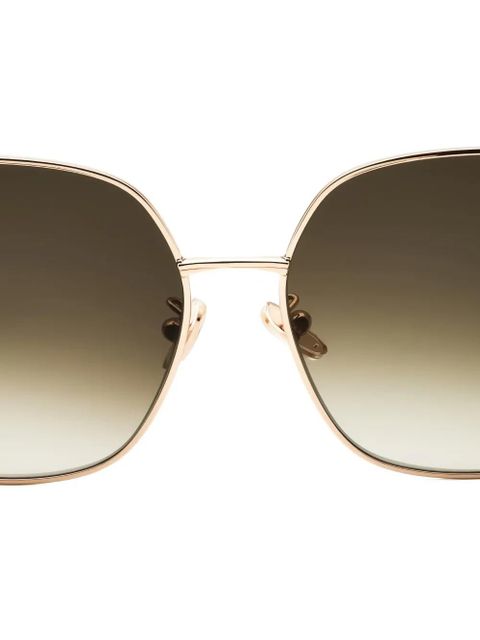 TOM FORD square-frame sunglasses - Gold - zdjęcie produktu nr 2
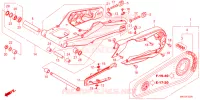 BRAS OSCILLANT pour Honda FORZA 750 35KW de 2023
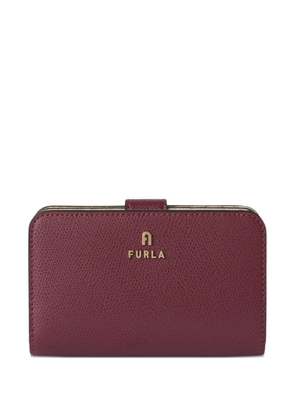 Furla medium Camelia leather wallet - Red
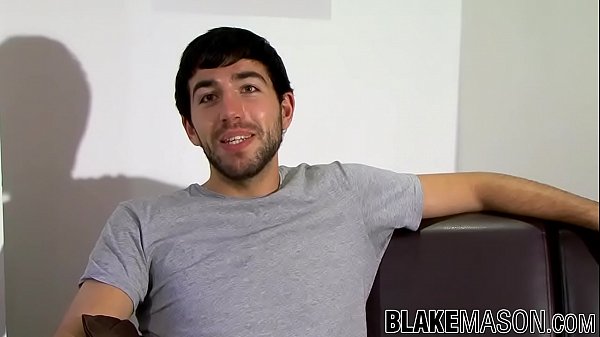 Download Video - Handsome amateur Brit strips and tugs on his big hard dick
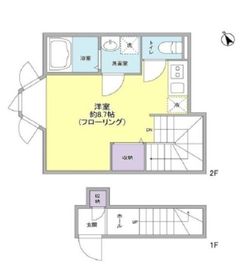 Fairy Tale 201 間取り図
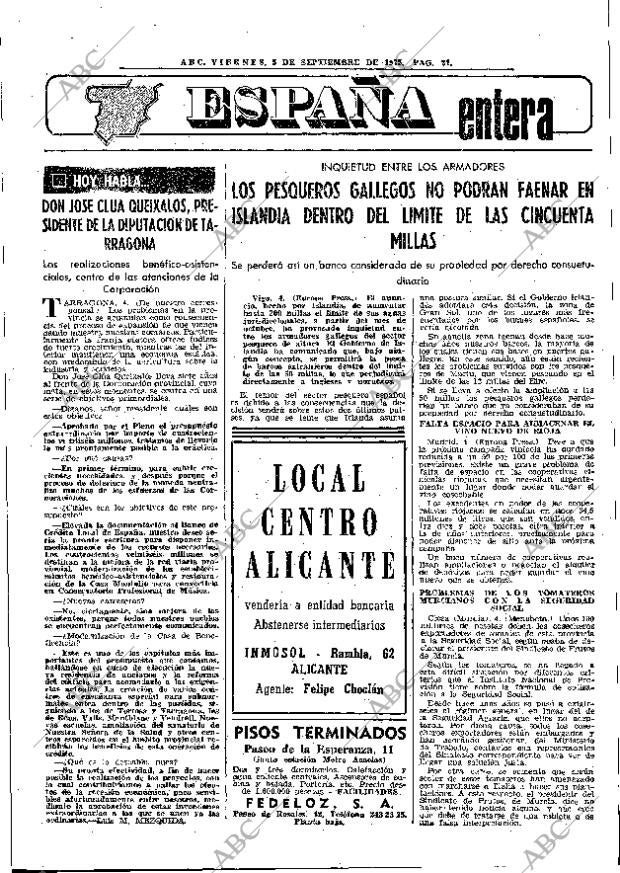 ABC MADRID 05-09-1975 página 33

*THE PROBLEM:*
Starting with the line that contains "Download Video - Handsome", repeat each line exactly until the listing ends, including the last one. Leave pictures out.

*WRITTEN ANSWER:*
 Download Video - Handsome amateur Brit strips and tugs on his big hard dick
 Fairy Tale 201 間取り図
 ABC MADRID 05-09-1975 página 33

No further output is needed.